One can appreciate the conviction with which market forces are applied. Why not let the market decide in which order trains run? The first slot is a commodity that can be auctioned, and whoever wants it the most, gets it. It is market capitalism in its purest form. The ability to create markets out of nothing, the ability to see that everything has a financial value: these things mark out India’s bureaucrats, not just as the rod in capitalism’s churning wheels, which is how they are usually portrayed, but also as a talented entrepreneurial class with a profound capitalist instinct.
“We were transferred to Ferozepur,” Amit says, “the most corrupt centre of the northern railways. We told our boss, ‘We don’t want to go. It’s very corrupt there.’ Our boss was amazed. ‘In Ferozepur,’ he said, ‘you only have to open your drawers and bundles of cash will fall in.’ It was true. Even boxes of sweets you were given at festival time would be stuffed with cash. Those were some of the most desirable positions in the country and people would pay big money to get them, knowing they would earn ten or twenty times their salary in bribes.”
“Another time, we were transferred to Bikaner,” says Meenu, “and I had discretionary authority over people’s jobs, which meant I was very powerful.”
“Meenu was the first woman bureaucrat to be there,” Amit adds. “Men didn’t know how to address her. They used to call her Sir .”
“When we arrived, all the small business owners came queuing up to offer favours. The dry cleaner said, ‘Please use my shop,’ and I asked him for a price list. He was very offended. ‘It’s free, Madam.’ Because these people want access to senior bureaucrats and they will pay for it. The payback comes when they bring people to your house in your private time and ask for favours. ‘Please don’t send my brother-in-law to a less attractive posting.’
“For instance, the man who worked the platform going towards Delhi made a lot of money from tips and bribes from passengers wanting to get on the train, whereas the platform going in the other direction made much less. What most bureaucrats do is to rotate people among these jobs. So those who have the lucrative positions have to lobby to hold onto them.
“At another time, I was in charge of New Delhi railway station. Every day 1 lakh [$2,000] used to come up from the ticket windows and was distributed to officers.”
“Have you ever bought a ticket at those windows?” says Amit. “Have you ever wondered why it’s such a nightmare? It is deliberately kept like that. Half of Indian chaos is the deliberate strategy of the bureaucracy. Because if things were efficient, there would be no reason to pay bribes.
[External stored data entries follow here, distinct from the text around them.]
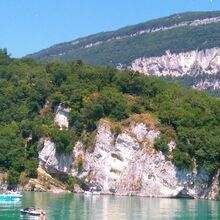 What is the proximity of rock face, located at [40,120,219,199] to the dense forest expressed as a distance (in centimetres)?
185

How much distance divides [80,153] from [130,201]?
20.6 m

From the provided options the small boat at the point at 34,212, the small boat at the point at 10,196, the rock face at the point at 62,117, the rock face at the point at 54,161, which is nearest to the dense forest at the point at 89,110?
the rock face at the point at 62,117

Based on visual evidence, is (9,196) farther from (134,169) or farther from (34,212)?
(134,169)

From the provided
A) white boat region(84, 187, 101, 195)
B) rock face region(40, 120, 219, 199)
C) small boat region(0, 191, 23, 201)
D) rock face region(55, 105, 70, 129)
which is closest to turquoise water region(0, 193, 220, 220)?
small boat region(0, 191, 23, 201)

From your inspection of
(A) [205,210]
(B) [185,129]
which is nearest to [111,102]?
(B) [185,129]

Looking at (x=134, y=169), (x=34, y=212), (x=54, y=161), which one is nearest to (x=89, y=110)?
(x=54, y=161)

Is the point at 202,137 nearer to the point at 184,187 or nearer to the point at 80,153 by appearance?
the point at 184,187

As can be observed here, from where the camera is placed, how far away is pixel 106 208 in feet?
259

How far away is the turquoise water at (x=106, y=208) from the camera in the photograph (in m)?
70.9

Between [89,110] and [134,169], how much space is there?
12.9m

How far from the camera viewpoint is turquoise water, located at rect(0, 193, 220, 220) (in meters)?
70.9

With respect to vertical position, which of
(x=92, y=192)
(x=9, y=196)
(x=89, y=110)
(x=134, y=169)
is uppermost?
(x=89, y=110)

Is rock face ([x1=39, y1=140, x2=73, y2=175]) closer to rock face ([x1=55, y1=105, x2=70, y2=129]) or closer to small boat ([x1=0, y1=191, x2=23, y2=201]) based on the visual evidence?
rock face ([x1=55, y1=105, x2=70, y2=129])

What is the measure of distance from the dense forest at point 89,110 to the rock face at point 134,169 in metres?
1.85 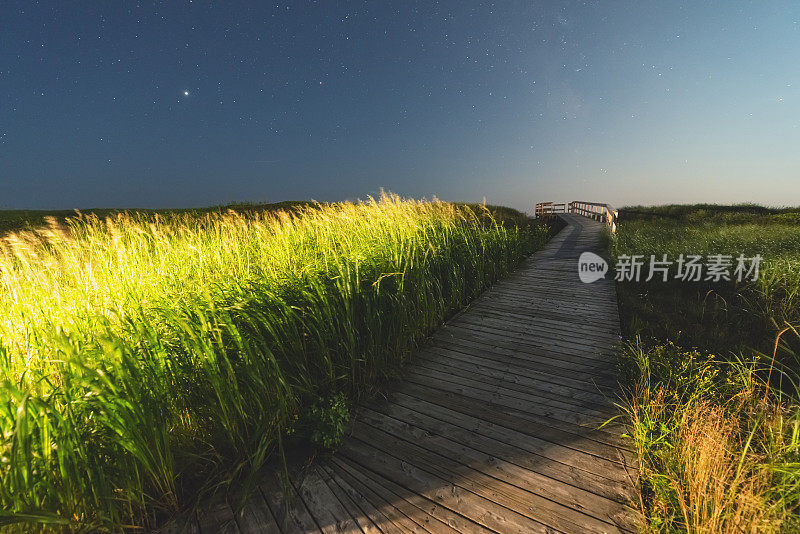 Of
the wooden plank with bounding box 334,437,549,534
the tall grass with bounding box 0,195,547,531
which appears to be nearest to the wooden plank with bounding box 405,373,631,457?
the tall grass with bounding box 0,195,547,531

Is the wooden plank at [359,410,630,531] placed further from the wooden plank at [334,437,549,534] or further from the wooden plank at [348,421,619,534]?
the wooden plank at [334,437,549,534]

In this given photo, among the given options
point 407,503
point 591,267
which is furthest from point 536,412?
point 591,267

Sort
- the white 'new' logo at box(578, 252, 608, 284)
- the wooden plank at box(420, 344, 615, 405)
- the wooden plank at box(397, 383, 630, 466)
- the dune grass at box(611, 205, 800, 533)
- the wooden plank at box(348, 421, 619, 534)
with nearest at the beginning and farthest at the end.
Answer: the dune grass at box(611, 205, 800, 533) → the wooden plank at box(348, 421, 619, 534) → the wooden plank at box(397, 383, 630, 466) → the wooden plank at box(420, 344, 615, 405) → the white 'new' logo at box(578, 252, 608, 284)

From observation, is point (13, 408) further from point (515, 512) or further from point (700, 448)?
point (700, 448)

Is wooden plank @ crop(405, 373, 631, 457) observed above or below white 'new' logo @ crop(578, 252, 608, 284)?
below

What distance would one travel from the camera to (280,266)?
11.9 ft

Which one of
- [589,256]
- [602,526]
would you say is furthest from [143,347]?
[589,256]

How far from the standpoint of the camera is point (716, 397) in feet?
9.07

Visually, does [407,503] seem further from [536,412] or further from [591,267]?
[591,267]

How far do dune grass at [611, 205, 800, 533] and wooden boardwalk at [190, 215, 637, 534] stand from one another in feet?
0.85

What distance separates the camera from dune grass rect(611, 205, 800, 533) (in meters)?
1.69

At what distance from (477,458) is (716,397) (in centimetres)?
220

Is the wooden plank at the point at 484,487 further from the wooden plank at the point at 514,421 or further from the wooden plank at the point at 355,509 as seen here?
the wooden plank at the point at 514,421

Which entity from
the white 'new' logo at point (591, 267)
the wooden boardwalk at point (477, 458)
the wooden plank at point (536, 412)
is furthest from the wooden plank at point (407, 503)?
the white 'new' logo at point (591, 267) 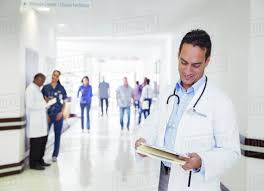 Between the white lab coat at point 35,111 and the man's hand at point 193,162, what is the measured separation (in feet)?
14.3

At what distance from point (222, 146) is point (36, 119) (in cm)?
447

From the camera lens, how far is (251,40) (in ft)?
12.1

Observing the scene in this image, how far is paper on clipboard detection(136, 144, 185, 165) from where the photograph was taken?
1726 mm

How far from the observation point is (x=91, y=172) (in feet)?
18.1

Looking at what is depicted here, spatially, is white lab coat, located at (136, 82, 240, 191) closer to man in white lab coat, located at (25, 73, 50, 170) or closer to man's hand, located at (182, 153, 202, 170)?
man's hand, located at (182, 153, 202, 170)

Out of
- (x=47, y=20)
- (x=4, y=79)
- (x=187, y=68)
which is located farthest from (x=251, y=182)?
(x=47, y=20)

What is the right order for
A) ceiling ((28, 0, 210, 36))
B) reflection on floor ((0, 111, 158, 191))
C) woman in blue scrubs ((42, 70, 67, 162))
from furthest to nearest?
ceiling ((28, 0, 210, 36)) → woman in blue scrubs ((42, 70, 67, 162)) → reflection on floor ((0, 111, 158, 191))

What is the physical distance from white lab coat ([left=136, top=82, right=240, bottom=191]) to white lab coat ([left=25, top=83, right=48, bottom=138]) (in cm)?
409

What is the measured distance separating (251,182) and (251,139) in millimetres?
554

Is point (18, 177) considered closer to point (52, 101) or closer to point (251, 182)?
point (52, 101)

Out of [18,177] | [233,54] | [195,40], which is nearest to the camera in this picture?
[195,40]

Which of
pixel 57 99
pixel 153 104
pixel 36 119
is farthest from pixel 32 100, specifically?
pixel 153 104

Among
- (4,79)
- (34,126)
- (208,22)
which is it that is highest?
(208,22)

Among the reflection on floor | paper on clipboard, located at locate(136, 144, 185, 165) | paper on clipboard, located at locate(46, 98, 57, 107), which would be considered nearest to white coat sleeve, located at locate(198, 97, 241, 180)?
paper on clipboard, located at locate(136, 144, 185, 165) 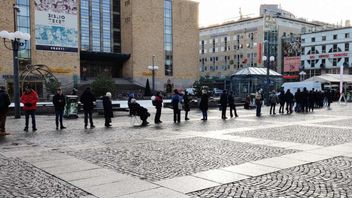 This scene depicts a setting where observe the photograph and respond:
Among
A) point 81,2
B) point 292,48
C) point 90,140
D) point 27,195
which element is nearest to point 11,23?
point 81,2

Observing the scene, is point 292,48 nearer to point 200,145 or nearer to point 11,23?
point 11,23

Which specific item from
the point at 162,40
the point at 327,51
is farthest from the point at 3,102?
the point at 327,51

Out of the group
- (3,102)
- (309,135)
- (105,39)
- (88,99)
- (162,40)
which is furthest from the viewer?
(162,40)

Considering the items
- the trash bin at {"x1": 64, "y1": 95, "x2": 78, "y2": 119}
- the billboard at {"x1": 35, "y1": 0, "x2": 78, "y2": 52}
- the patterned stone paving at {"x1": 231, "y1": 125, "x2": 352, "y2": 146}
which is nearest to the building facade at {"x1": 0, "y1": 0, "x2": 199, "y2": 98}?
the billboard at {"x1": 35, "y1": 0, "x2": 78, "y2": 52}

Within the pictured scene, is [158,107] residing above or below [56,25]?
below

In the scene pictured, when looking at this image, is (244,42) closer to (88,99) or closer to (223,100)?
(223,100)

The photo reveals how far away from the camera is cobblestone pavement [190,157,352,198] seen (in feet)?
17.5

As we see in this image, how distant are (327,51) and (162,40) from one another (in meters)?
36.4

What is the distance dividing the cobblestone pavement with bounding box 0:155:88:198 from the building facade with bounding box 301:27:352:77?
250ft

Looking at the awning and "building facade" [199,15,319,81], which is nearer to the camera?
the awning

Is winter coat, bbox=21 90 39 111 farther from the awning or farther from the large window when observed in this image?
the large window

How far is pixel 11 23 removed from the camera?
5234cm

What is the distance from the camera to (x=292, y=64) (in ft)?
280

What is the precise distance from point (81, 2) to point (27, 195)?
61.6m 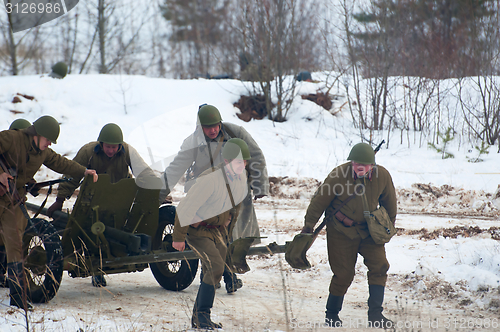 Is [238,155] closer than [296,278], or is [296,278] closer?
[238,155]

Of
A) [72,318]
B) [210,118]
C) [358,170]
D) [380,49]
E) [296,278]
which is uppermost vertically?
[380,49]

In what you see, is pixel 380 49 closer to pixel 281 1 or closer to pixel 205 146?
pixel 281 1

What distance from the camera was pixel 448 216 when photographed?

Ticket counters in stations are big sources of unofficial money.”
“At the centre of this business is the man behind the reservation window,” explains Meenu. “When I arrived in Delhi I got a call from a cabinet minister who wanted to propose a particular candidate for this job. I was astonished that one of the most powerful people in the country would personally make a call about the ticket seller in New Delhi station whose salary is maybe 6,000 rupees [$120] a month.
“I wanted to improve work conditions in the station. I felt that my workers were not getting decent breaks. I went right back to the railway regulations written by the British, to see what the rules were about employee breaks, and I found that they were supposed to have two fifteen-minute breaks a day. I got rid of the tea boy who came round serving tea to people while they worked, and I set up a special tea room where people could relax in their breaks.